El gobierno de Estados Unidos ha gestionado mal la relación con Brasil durante el mandato del presidente Jair Bolsonaro. Lo máximo a lo que podemos aspirar después de las elecciones presidenciales de octubre es una coexistencia gélida, bien con Bolsonaro reelegido, bien con el expresidente Lula de regreso en el poder. Bolsonaro, envalentonado, proseguiría con su campaña para erosionar los controles democráticos e intensificaría el desarrollo económico de la Amazonia. Lula tendría una actitud pragmática pero cautelosa hacia EE UU, al que culpa de haber pasado 538 días en prisión, pero presumiría de su independencia respecto a la política exterior estadounidense y haría de ello una virtud política. En cualquier caso, incluso aunque el ganador obtenga una victoria contundente, la diplomacia estadounidense tendrá que ser mucho más hábil que hasta la fecha. Además, hay muchas más probabilidades de que en octubre el resultado sea peor: que Bolsonaro se niegue a aceptar la derrota y se produzca en Brasil una réplica de los sucesos y la insurrección del 6 de enero de 2021 en Washington. El silencio y la pasividad de Washington durante los últimos cuatro años, mientras Bolsonaro socavaba las instituciones y los valores democráticos del país, y su falta de interés por cuidar a la izquierda brasileña en todo ese tiempo hacen que la política exterior de EE UU en América Latina corra peligro de sufrir un enorme fracaso, con consecuencias para la diplomacia en toda la región.

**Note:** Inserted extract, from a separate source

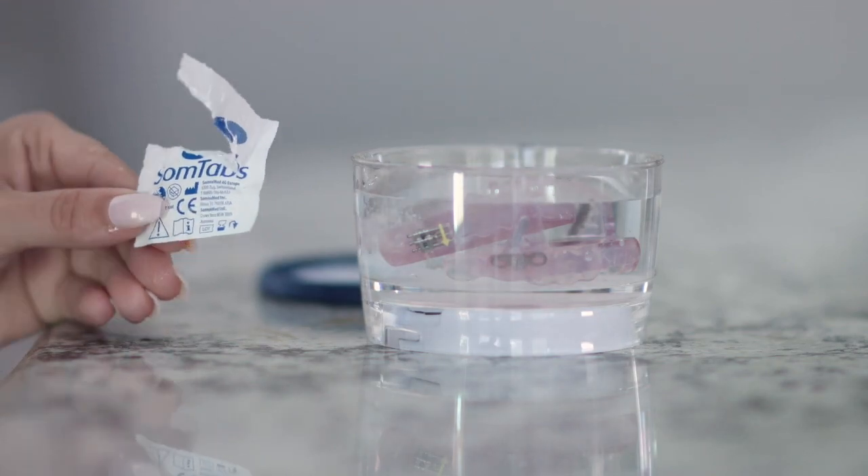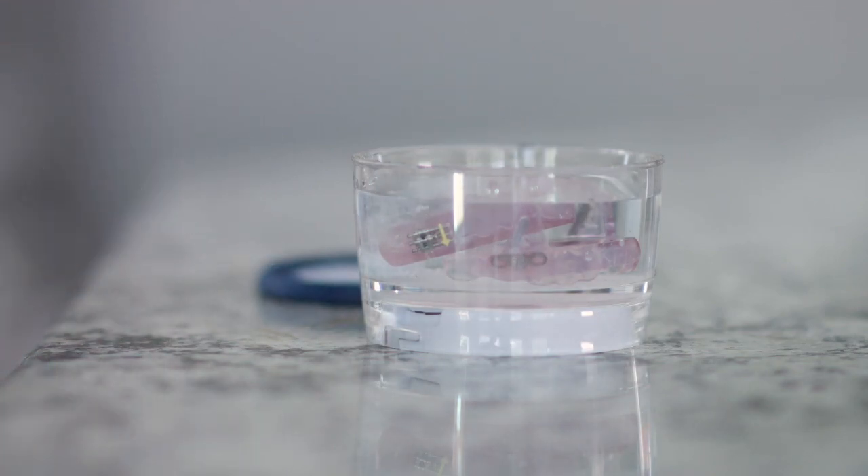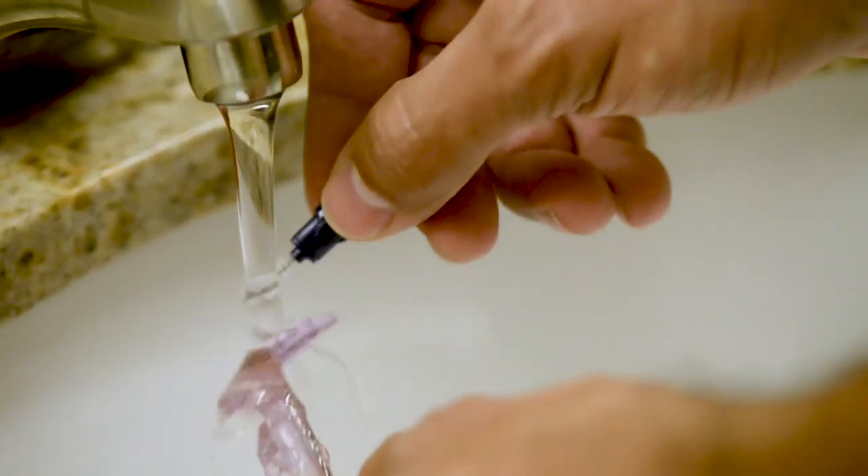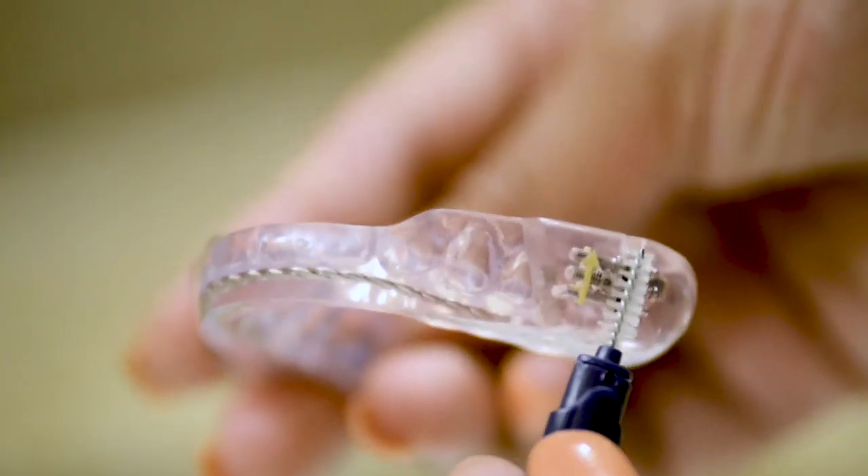Somnodent oral devices maintain their appearance best when cleaned and stored properly. Somtabs are the preferred method for cleaning your Somnodent device.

Una de las tendencias más preocupantes en todo el mundo, que también se refleja en el Brasil de Bolsonaro, es que muchas democracias empiezan a transformarse en dictaduras o regímenes populistas autoritarios mediante el vaciado de las instituciones independientes y la consolidación del poder en manos de un líder. Hay numerosos estudios que describen la forma de actuar de los populistas, cómo desmantelan metódicamente los centros independientes de poder. En general, empiezan por atacar a la sociedad civil, diciendo que las organizaciones civiles son “agentes extranjeros” para restringir las fuentes de financiación externas. Luego acusan a los periodistas de ser desleales y de estar aliados con un enemigo interior imaginario. Poco después tachan a los tribunales de partidistas y empiezan a destituir jueces. Por último, controlan las cámaras legislativas para manipular las elecciones. En poco tiempo, el populista ha cambiado las reglas del juego. Aunque lo hayan elegido democráticamente, el populista autoritario tarda poco en socavar la legitimidad democrática.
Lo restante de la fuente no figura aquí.